The prestigious program, created in 1973 by then-Chief Justice Warren E. Burger, offers individuals from diverse professions and academic backgrounds a first-hand understanding of the federal government, particularly the Judicial Branch. The 2010–2011 fellows were selected by a nine-member commission appointed by Chief Justice John G. Roberts, Jr.
April Christine comes to the program from the Central District of California, where she is an assistant U.S. Attorney.
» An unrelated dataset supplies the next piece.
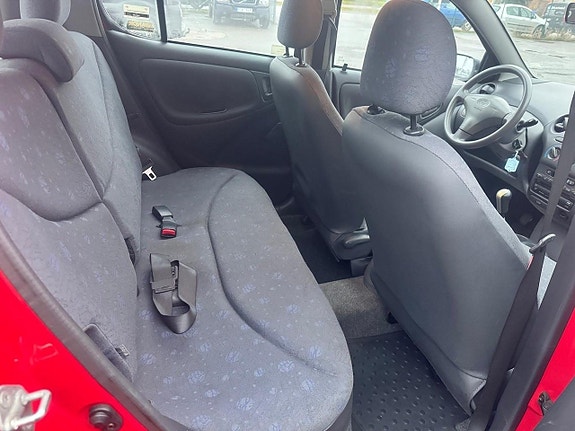 Toyota Yaris 19 of 21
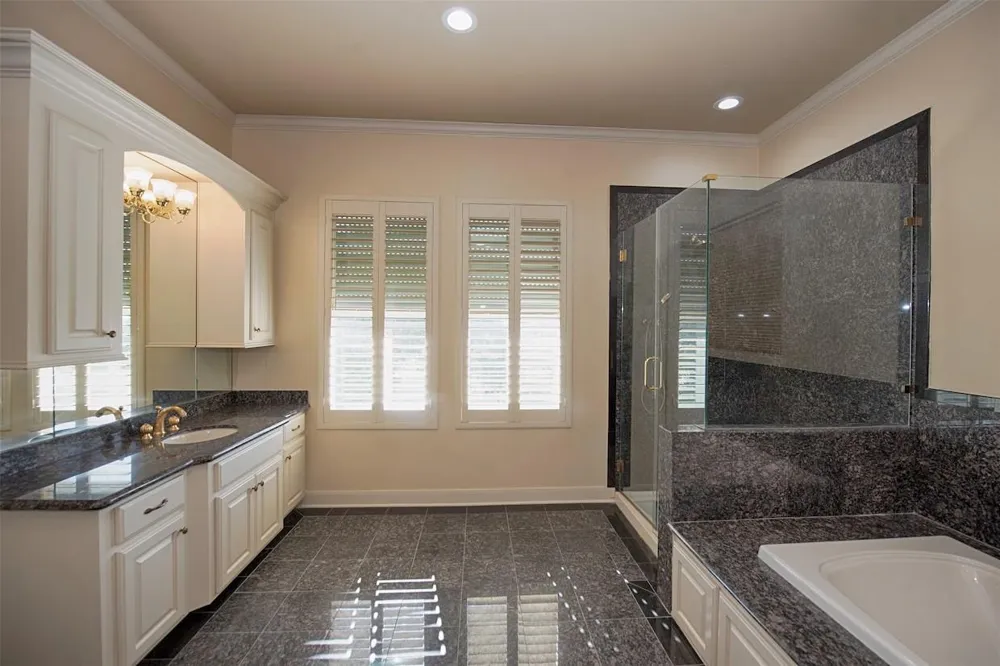 2293 E Bayshore Drive San Leon, TX 77539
She will work at the U.S. Supreme Court, where she will conduct research, brief visiting dignitaries, prepare analytical reports, and oversee the Judicial Internship Program.
Ryan Rowberry, an associate in the environment and natural resources division at a Washington, D.C., law firm, is assigned to the Federal Judicial Center. He will spend his fellowship year in the FJC’s International Division and Federal Judicial History Office.
Holly Sellers is the chief administrative officer of the Supreme Court of Connecticut. She will be a fellow at the Administrative Office of the United States Courts, where she will analyze studies requested by Congress or the Judicial Conference, and research the federal rule-making process within the AO’s Office of Judges’ Programs.
James Tysse, a law clerk for Judge Karen LeCraft Henderson of the U.S. Court of Appeals for the D.C. Circuit, will work at the U.S. Sentencing Commission. He will conduct legal research concerning sentencing guideline issues and legislative directives pending before the commission.